Try an awareness bath

Aug 28, 2010, 12.00am IST
MARGUERITE THEOPHIL.

An old, uneducated woman approached the Buddha, wanting to meditate, saying that she was coming to it so late in life; she might not really be able to learn how.

He gently advised her, as she drew water from the well each day, to remain mindful and aware of every single movement of her hands, knowing that if she did so she would soon find herself in that state of alert and spacious calm that is meditation.

After several people had claimed that meditative awareness was hard enough to practise on the meditation cushion, to suggest that we bring it to the everyday is perhaps one of those nice sounding but ridiculously impossible things. I suggested what I thought was a simple mid-session project on taking an 'awareness bath'.


A woman leapt up, furious. Tired after a rough week at the office, she yelled at me about all the 'rubbish' i was talking. She had to knead, roll out and cook about 30 chapattis every single evening soon after getting home from work. Completely exhausted by dinner-time, she barely soaped all over in the shower before collapsing on her bed. She even added that maybe it was only 'jobless' people like me who could afford this silly luxury!

My first instinct was to argue with her; to convince her... But thankfully I remained aware – and shut up and went inwards. To my surprise, I got in touch with the sensory pleasures of making chapattis.

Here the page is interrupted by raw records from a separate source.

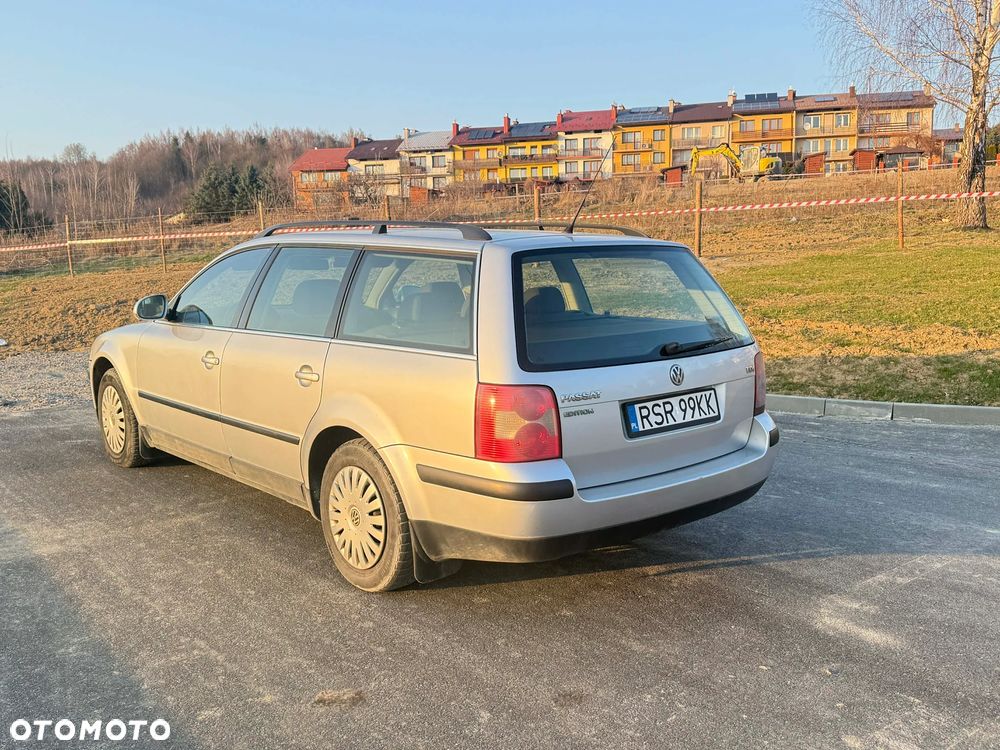 Volkswagen Passat - 3
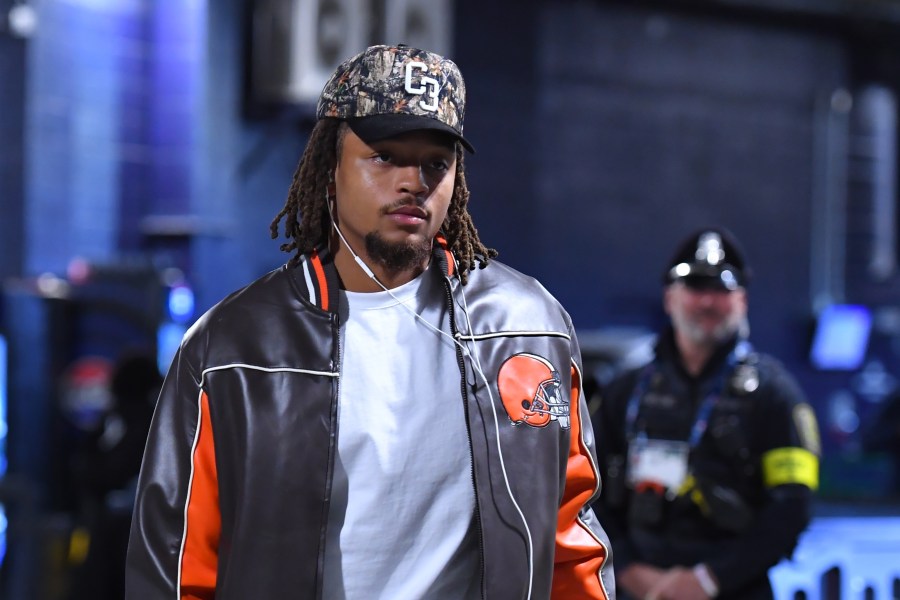 browns-safety-jumped-in-new-york-hotel-lobby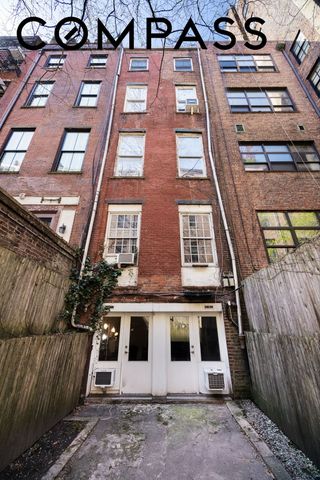 31 W 9th Street, New York City, NY 10011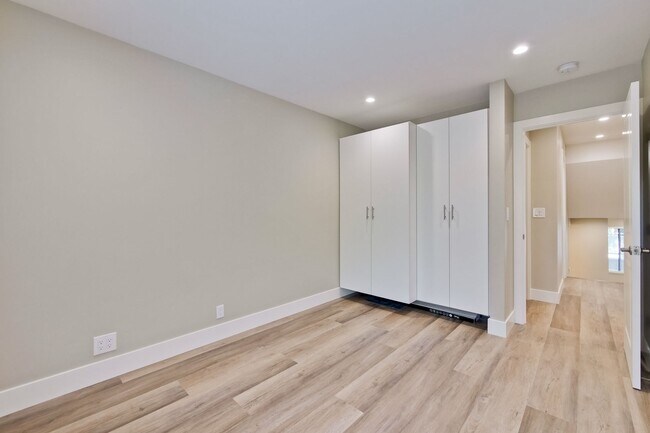 Building Photo - Stunning Modern Almost New Condo, Pets Welcome!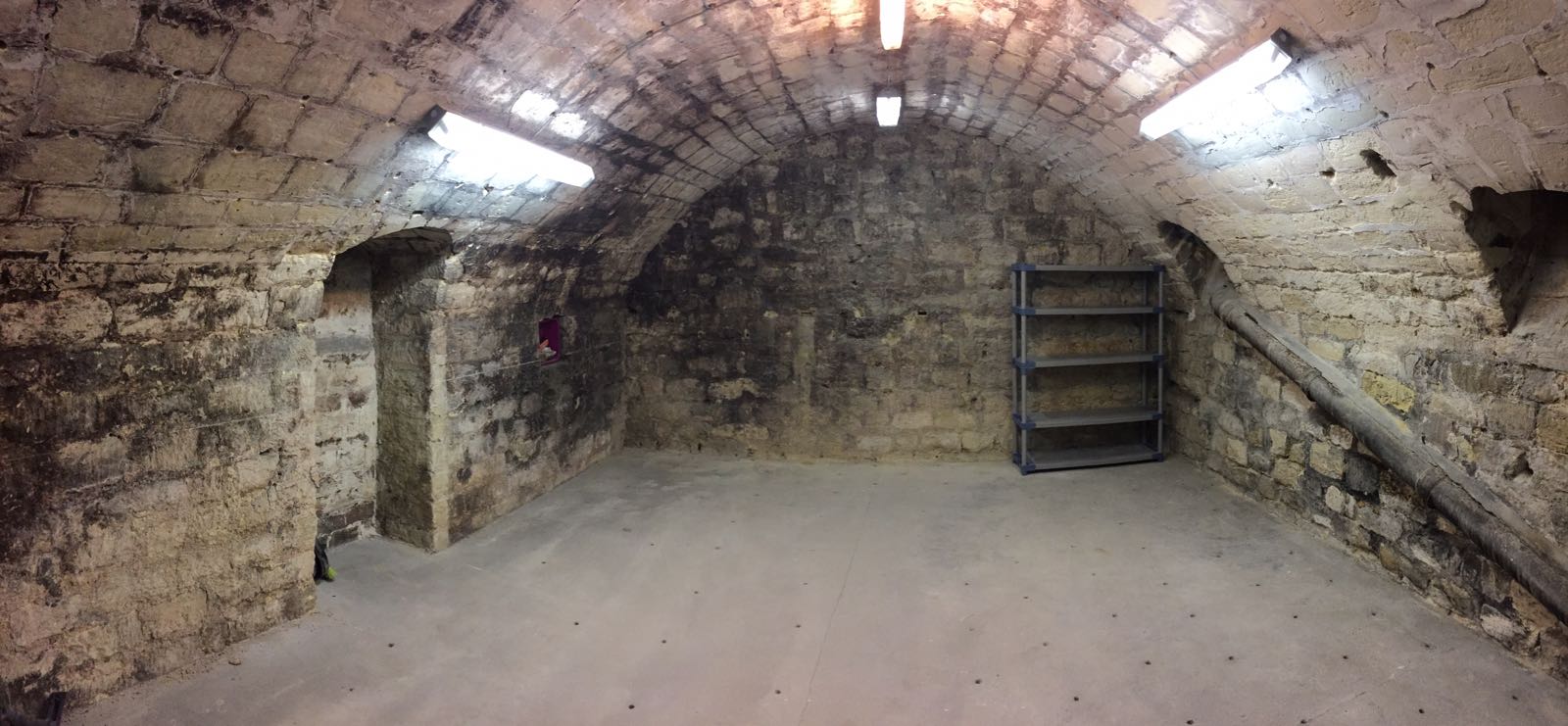 Cave de 30m2 métro Ternes, Paris 17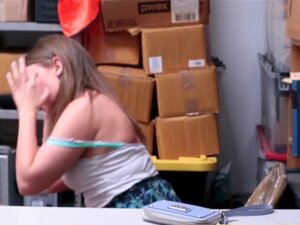 Une petite voleuse fait une pipe. Une petite mignonne voleuse fait une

Without addressing her directly, i acted out a slow, invisible chapatti-making routine, all the time talking aloud of how my senses responded as i went along – measuring out the ingredients, the feel and colours of the deep red measuring bowl and flat silvery shiny thali that reflected my hands and movements. Really feeling the dry flour on my hands, pouring in cool, clear water, then the sticky-clingy coming together of the dough, the rhythm of kneading, breathing and the alchemy of the transformed 'just right' feel of the dough, all the time noticing the aromas changing constantly in the process. Then the rolling and flattening of individual chapattis, the feel of the weight of the rolling pin, sometimes the perfect round ones that showed up, the amazing smell of the fresh roasted ones, how they puffed pleasingly at the end, then slowly flattened down...maybe a few drops of aromatic ghee dribbled on each.

It took just a few minutes, and there was total silence. In fact, I recall the session for that day ended right there.

The next Saturday the same woman said smilingly that chapatti-time was now her stress management time. Not just that – it relaxed her enough to enjoy a really 'aware' bathing time.

Another called me last week – full three years after the sessions – telling me that over the years this has become her 'holy time' of the day. She willingly takes longer over it than before, and everyone, including her mother-in-law, agrees no one makes chapattis that look and taste as good as the ones she makes.

We can bring meditative awareness to washing dishes, eating, writing, walking, relating. We can let go of our usual excuses of 'no time' or 'wrong place'. Everyday things and actions can offer us unusual moments of holiness and blessedness.